Open Oufattole opened 4 months ago

Oufattole commented 4 months ago
mmcdermott commented 4 months ago

Things to consider

  1. Flattening sequences results in blowing up the sequence length too much (may be an unavoidable challenge, and likely the least bad option). This also risks making the pre-training task more local, as discussed below.
  2. Predicting multiple aspects of an event (e.g., timestamp and code, multiple codes, code and value) at one time introduces probabilistic conditional independence assumptions that are not realistic.
  3. Whatever logic is used, key-value caching must be supported and must be tested and validated. This is very challenging to get right, especially if solutions involve nesting aspects of events or repeated processing of the same sequence with differing inputs to reflect updated views of the data (this should almost certainly be avoided).
  4. Certain forms of training or generation may prohibit certain abilities to interrogate the model or generate conditional futures in specific ways:
    • If you always order codes within a patient ID and timestamp in any consistent manner, then you won't be able to arbitrarily introduce codes during generation to see what the model thinks would happen if that code were observed. Adding orders like this also introduces semi-artificial probabilistic relationships the model needs to learn which may be detrimental (e.g., if just by chance the model generates a code late in the ordering, it will no longer generate codes earlier in the ordering; or if the model by chance generates an out of order code sequence, all subsequent events will be very confused).
    • If you simultaneously predict a boolean of whether a numerical value will be observed for a given code that has been observed or generated and the value that would be seen conditional on that boolean being true, then you may not be able to reliably toggle on a value to be observed during generation if the model does not think one is likely. E.g., if your sequence looks like "[TS @ 11:13pm] [CODE: HR] [VAL: 88] [CODE: DX] [CODE: BP/SYS] [VAL:120] ..." and you structure your model so that the output head at each position in the sequence predicts jointly over the following things: 1. probabilities that sum to one that the next token is either (a) a TS token, (b) a CODE: * token (for all codes), or (c) a VAL token, 2. The numerical value for TS that would be observed conditional on the next token being a TS token, 3. The numerical value for VAL that would be observed conditional on the next token being a VAL token, then you can reliably train your model with teacher forcing and generate data by simply sampling from the right code and only using the predicted TS or VAL # distributions if you sample a TS or VAL code, respectively (this is true b/c the TS or VAL #s are always conditional on observing those codes, so your model is never being trained to predict conditional on not observing those codes).

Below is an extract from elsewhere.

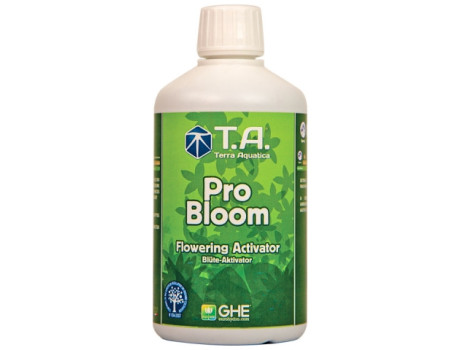 Добавки  BioBloom 500 ml GHE Франція купити в Україні фото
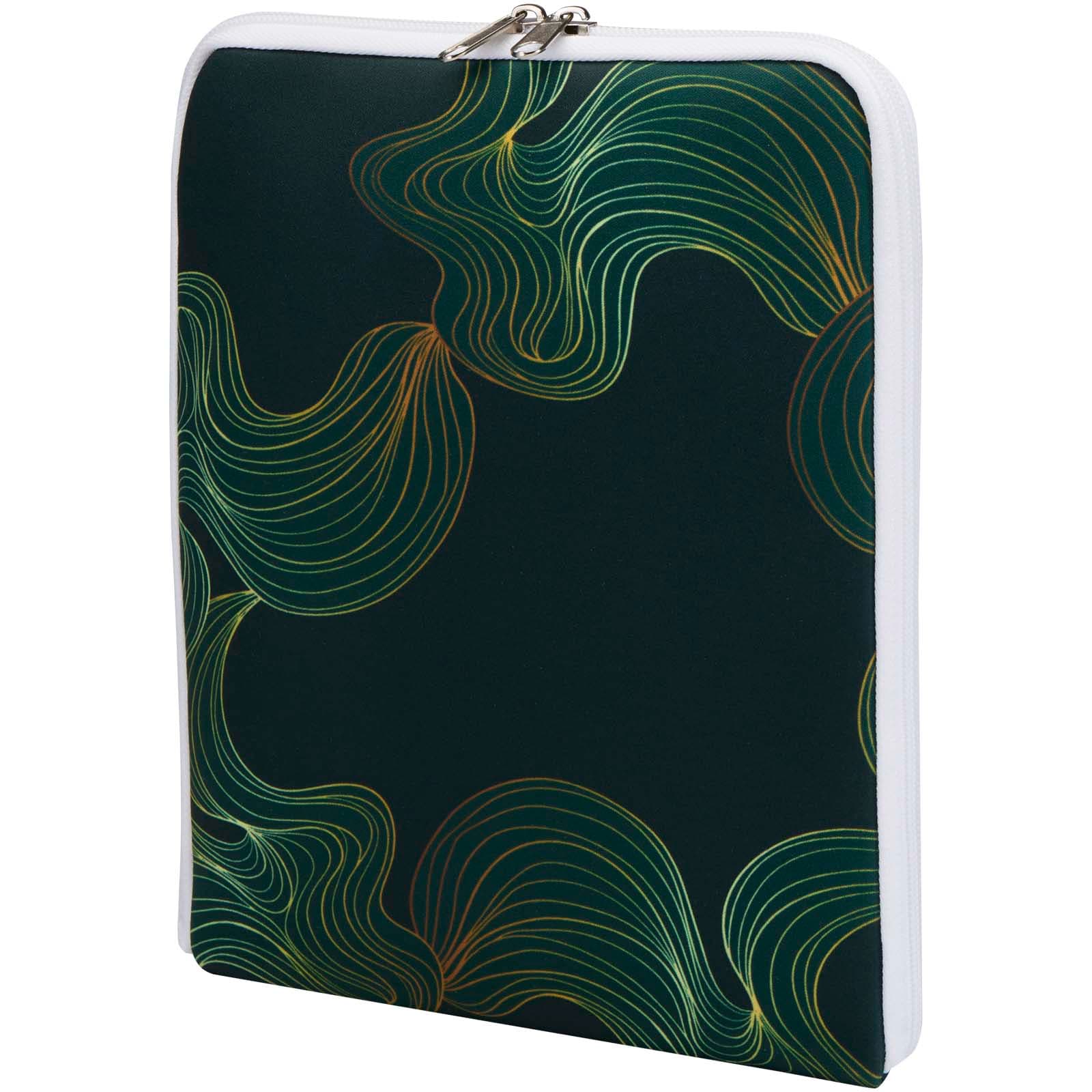 Mavi sublimation tablet sleeve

But, in this setting, you can't dynamically decide during generation that, even though the model's predictions give the probability that the next token is a TS is low that there should be a generated timestamp and rely on the predicted # to give what that TS would be conditional on it being observed -- this is because if the predicted probability of the TS being low is sufficiently low (e.g., 0), then the model may have already stored that information in earlier layers for this output prediction and that may affect the predicted TS (or val) # in the output layer without consequence by the loss b/c you'd never observe a real # in that setting to compare against. If, instead, you structure your sequence like "[TS] [TS = 11:13pm] [CODE: HR] [VAL] [VAL = 88] [CODE: DX] [CODE: BP/SYS] [VAL] [VAL = 120] ..." then the prediction of the likelihood of the [VAL] token itself is less entangled with the predicted numerical value so there may be a greater ability of the model to express conditional predictions of values or timestamps even when timestamps or values are unlikely.
  5. If the sequence expansion and simplifications to enable easy generation make the pre-training task easier, the model may be forced to learn fewer complex relationships in order to optimize the apparent loss to the same degree. In other words, a model trained to simultaneously (and independently) predict the set of all codes observed at the next unique timepoint is forced to simultaneously assess the risk of kidney disease, liver disease, other complications, etc., but if the model is trained to predict codes one by one, it may default to only predicting the likelihood of a rare complication in a subsequent timestamp if it has already seen highly correlated diagnoses at that timestamp, limiting your ability to rely on the model to predict complex things about the future from a static record. Said differently, it is easier for the model to learn to predict that seeing [CODE: DX1] raises the likelihood of [CODE: DX2] if those two are highly correlated than it is for the model to learn to predict both DX1 and DX2 given only historical data, so the pre-training "learning task" is easier when you flatten the sequence which may lead to limited transferability.
  6. We don't actually have good ways to evaluate autoregressive generation over medical data. We have proxies for this -- e.g., the ESGPT zero-shot evaluation codebase can help you take a task dataframe, restrict raw data to just the data that would be input to that task, generate possible synthetic futures for that data, re-interpret those synthetic futures as empirical task labels (as defined through a labeling function the user writes), then produce predictions by aggregating empirical task labels into predicted probabilities, but this methodology is imperfect. It only applies to tasks and also is limited in that predictions can only be made if sufficient time passes in the generated synthetic futures to encompass the range of events needed, so this approach really only emulates a "predict or defer" approach, not a pure prediction approach like fine-tuning. It also has limited ability to assess performance over time. Also, if your sequences are binned by time, then your ability to predict at all for tasks not on that time scale is greatly reduced.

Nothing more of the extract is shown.